Dans ce contexte, la production de logements abordables pose-t-elle des problématiques d’équilibres économiques plus compliqués, et comment y remédiez-vous ?
M.M. : Il est en effet plus difficile d’équilibrer les bilans des opérations de construction de logements abordables et de logements sociaux. Outre le PLUi et les dispositifs déjà évoqués, nous avons mis en place un règlement d’intervention qui permet notamment des décotes foncières, en minorant le prix de vente aux opérateurs des terrains possédés par la puissance publique, en fonction des typologies de logements à produire. Le prix de sortie des logements aidés est plafonné et nous recourons au bail réel et solidaire (BRS) en le calant sur les logements en prêt social location-accession (PSLA). Dans le contexte actuel de crise du logement, nous contribuons de plus en plus à l’équilibre financier des opérations de construction. Dans le cadre du plan de relance du logement voté par Bordeaux Métropole, une enveloppe de 30 millions d’euros est ainsi dédiée à la production de logements sociaux, jusqu’alors bloqués faute de financements suffisants.
Quelles sont vos attentes en tant que partenaire du programme de recherche Les défis économiques d’un foncier et d’un logement abordable ?
G.F. : Nous souhaitons pouvoir bénéficier de données, de connaissance et d’expertises nouvelles sur le foncier, l’aménagement et le logement en particulier.

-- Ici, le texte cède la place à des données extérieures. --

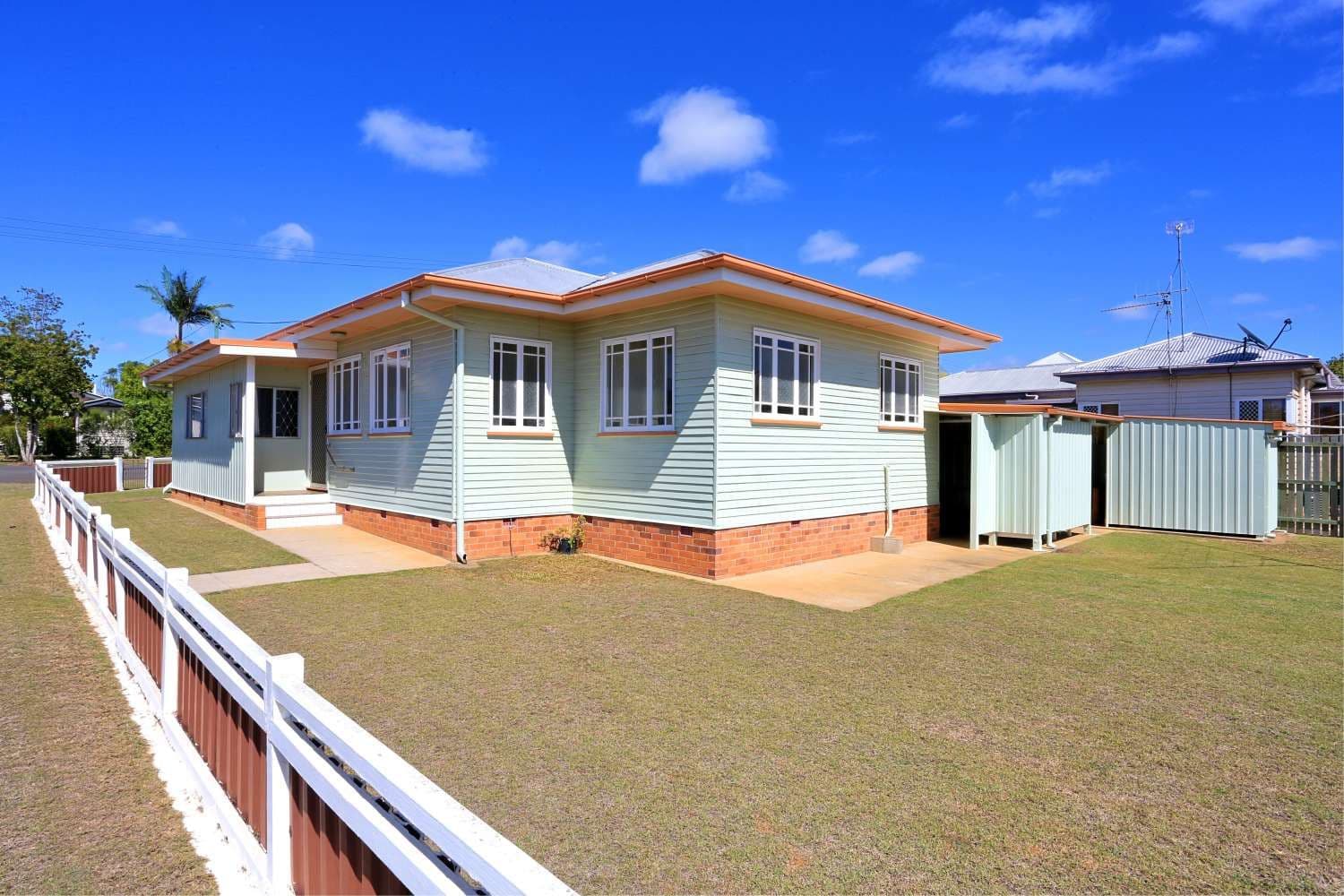 22 Coomber Street, SVENSSON HEIGHTS QLD 4670, Svensson Heights - Image 1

Nous avons aussi besoin de mieux appréhender et comprendre les stratégies foncières des différents acteurs que nous ne connaissons pas toujours très bien. L’ensemble de ces connaissances doit nous permettre de développer des outils de gestion, de concertation et de régulation avec les acteurs privés, publics et parapublics. L’idée est vraiment celle d’identifier des moyens d’action plus efficaces pour nos politiques publiques. Par ailleurs, nous sommes désireux de contribuer à cette recherche en nourrissant les chercheurs de nos expertises et de nos observations de terrain afin de favoriser les comparaisons entre les différents territoires, notamment.
Propos recueillis par Victor Rainaldi.